It's a strange story to say the least: Salim the coachman lost his voice. If it hadn't happened right before my very eyes, I would never have believed it. Everything started in 1959, in August, in the old quarter of Damascus. Even if I wanted to make up such an incredible story, Damascus would still be the best place to set it. Nowhere but Damascus could such a tale take place.
Salim the coachman is revered in Damascus as one of the city's best storytellers. He encourages his fares to share their stories with him, and then takes them and polishes them for his his next passengers. But suddenly, when he loses his voice, a fairy appears to him and warns him that the gift which has been given to him by providence can be taken away--indeed, it has been taken away. But, she advises, if Salim receives seven unspecified gifts before 30 days have elapsed, the curse will be broken and Salim will have his voice again. After some trial-and-error, Salim's friends intuit that the gifts must also be stories, and so each of them prepares a story to tell Salim, hoping that their stories will give him his voice back.
Damascus Nights is a shaggy, discursive book. It's organized, as you might expect, into seven significant sections, with one story from each friend, but things aren't so simple. Stories are interrupted by other stories, or stories contain other stories nested within them, or people beyond Salim's friends tell stories. The stories are often about storytelling: the restaurant owner tells of the storyteller he has hired to keep his patrons entertained; another tells a story about a king who could speak but not listen; some characters even, like Salim, end up having their voice stolen. Over and over again the stories repeat variations on the same inward theme: how storytelling enlivens us and connects us with others. One of Salim's friends, the former minister, tells a story that is long and tedious, and when the mute Salim thinks of how he might amend it to tell it in his own way, he begins to understand that "a story needs at least two people in order to live."

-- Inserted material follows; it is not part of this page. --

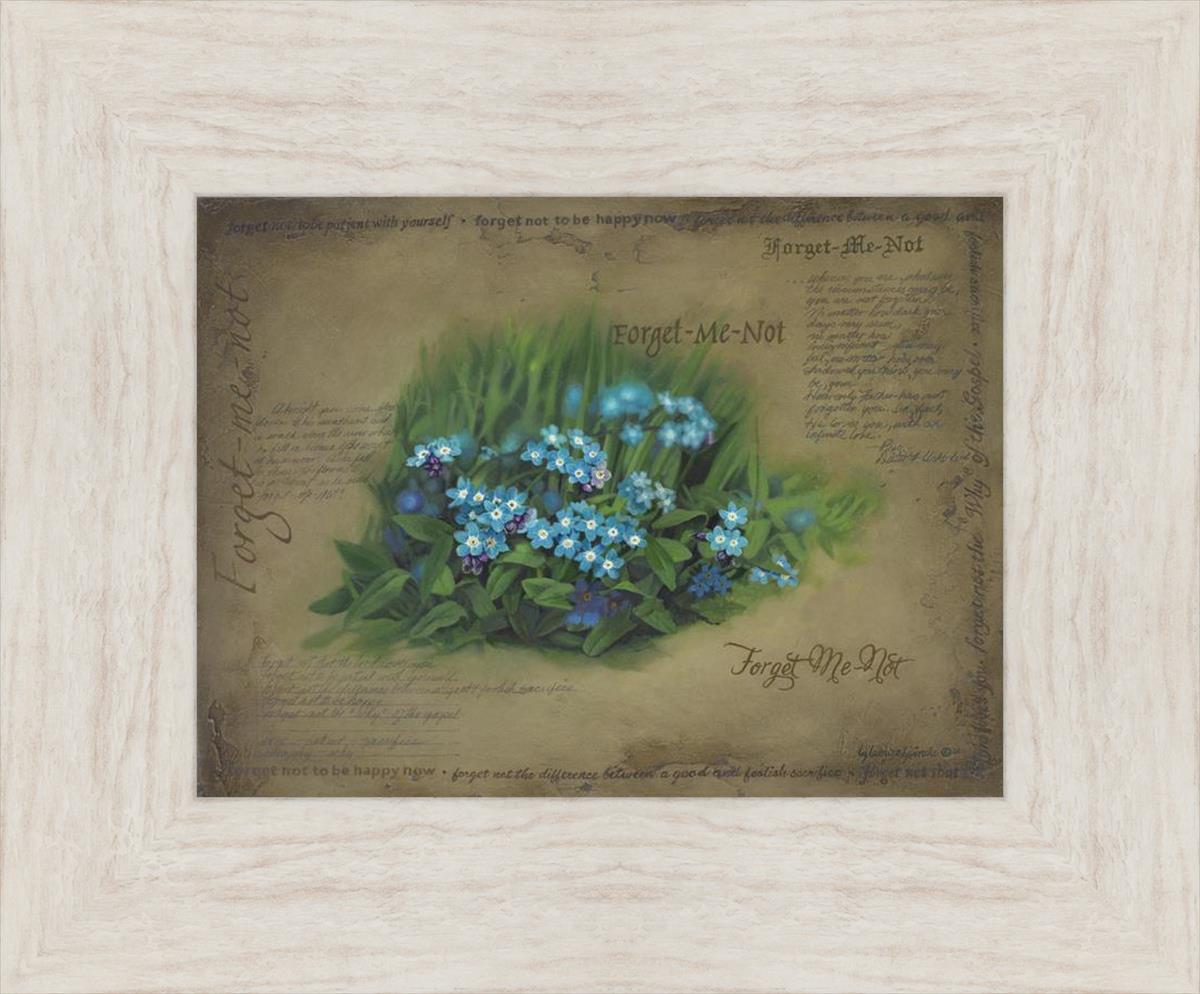 Forget Me Not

Damascus Nights is part of a long literary tradition that includes The Canterbury Tales and The Decameron, but its clearest antecedent is One Thousand and One Nights, the Arabic-language classic about Scheherazade, who tells innumerable stories each night to her husband so that she might survive another night. Like Scheherazade, who saves the best part of each story for the following night, Schalk understands that the best stories don't fit neat and closed designs; they burst out of their parameters and keep one guessing. Schalk's Damascus is an ancient city, deeply rooted in literary traditions like the Nights, but a diverse one, too, that brings together people of all classes, religions, and backgrounds, united by the stories that create in them a shared audience. It's especially bittersweet to read knowing what a tragic place Damascus has become, racked by strife and civil war. I know little about the city, but I'm guessing it's not--though I hope it might become again--a place where friends can gather in the plazas with strong coffee in the night and listen to each other's tales.
With the addition of Syria, my "countries read" list is up to 81!